= Double-elimination tournament =

Type of elimination competition

A double-elimination bracket from the 2004 National Science Bowl

A double-elimination tournament is a type of elimination tournament competition in which a participant ceases to be eligible to win the tournament's championship upon having lost two games or matches. It stands in contrast to a single-elimination tournament, in which only one defeat results in elimination.

One method of arranging a double-elimination tournament is to break the competitors into two sets of brackets, the winners' bracket and losers' bracket (W and L brackets for short; also referred to as championship bracket and elimination bracket, upper bracket and lower bracket, or main bracket and repechage) after the first round. The first-round winners proceed into the W bracket and the losers proceed into the L bracket. The W bracket is conducted in the same manner as a single-elimination tournament, except that the losers of each round "drop down" into the L bracket. Another method of double-elimination tournament management is the Draw and Process.

As with single-elimination tournaments, most often the number of competitors is equal to a power of two (8, 16, 32, etc.) so that in each round there is an even number of competitors and never any byes.

The number of games in a double-elimination tournament is one or two less than twice the number of teams participating (e.g. 8 teams would see 14 or 15 games).

==Conducting the tournament==
If the standard double-elimination bracket arrangement is being used, then each round of the L bracket is conducted in two stages: a minor stage followed by a major stage. Both contain the same number of matches (assuming there are no byes) which is the same again as the number of matches in the corresponding round of the W bracket. If the minor stage of an L bracket round contains N matches, it will produce N winners. Meanwhile, the N matches in the corresponding round of the W bracket will produce N losers. These 2N competitors will then pair off in the N matches of the corresponding major stage of the L bracket.

For example, in an eight-competitor double-elimination tournament, the four losers of the first round, W bracket quarter finals, pair off in the first stage of the L bracket, the L bracket minor semifinals. The two losers are eliminated, while the two winners proceed to the L bracket major semifinals. Here, those two players/teams will each compete against a loser of the W bracket semifinal in the L bracket major semifinals. The winners of the L bracket major semifinals compete against each other in the L bracket minor-final, with the winner playing the loser of the W bracket final in the L bracket major final.

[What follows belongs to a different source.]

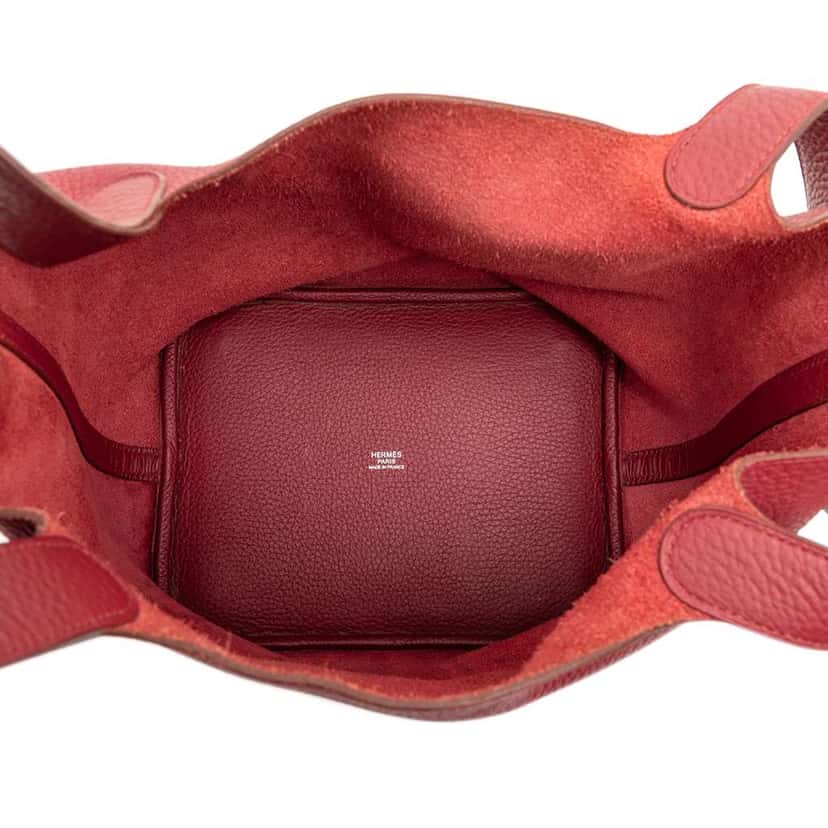 Hermès Clemence Picotin Lock 22 Red Leather Good condition - Model View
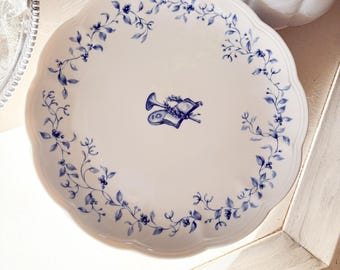 Lenox Les Seasons LHiver Winter Blue and White Scallop Dinner Plate Trumpet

The final round of a double-elimination tournament is usually set up to be a possible two games, with the second referred to as the "if game" or "bracket reset". In this structure, the L bracket finalist needs to win both games of the final round to be the tournament champion, while the W bracket finalist wins the tournament by winning either game of the final round. If the final round is scheduled as only a single game, as in the 2018 NCAA Beach Volleyball Championship, the W bracket finalist will be eliminated from the tournament if they lose this match, meaning the tournament is not truly a double-elimination tournament.

==Pros and cons==
The double-elimination format has some advantages over the single-elimination format, most notably the fact that third and fourth places can be determined without the use of a consolation or "classification" match involving two contestants who have already been eliminated from winning the championship.

Some tournaments, such as in tennis, will use "seeding" to prevent the strongest contestants from meeting until the later round. However, in tournaments where contestants are placed randomly in the draw, or in situations where seeding is not available, it is possible for two of the strongest teams to meet in the early rounds rather than a final or semifinal as would be expected in a seeded draw. Double elimination overcomes this shortfall by allowing a strong team which loses early to work their way through the L bracket and progress to the later rounds, despite meeting the strongest team in the early rounds of competition.

Another advantage of the double-elimination format is the fact that all competitors will play at least twice and three quarters will play three games or more. In a single-elimination tournament with no byes, half of the competitors will be eliminated after their first game. This can be disappointing to those who had to travel to the tournament and were only able to play once.

A disadvantage compared to the single-elimination format is that at least twice the number of matches have to be conducted. Since each competitor has to lose twice and since the tournament ends when only one competitor remains, in a tournament for n competitors there will be either 2n − 2 or 2n − 1 games depending on whether or not the winner was undefeated during the tournament. This may result in a scheduling hardship for venues where only one facility for play is available. However, the number of matches is still lower than what is required by a Swiss-system tournament or round-robin tournament.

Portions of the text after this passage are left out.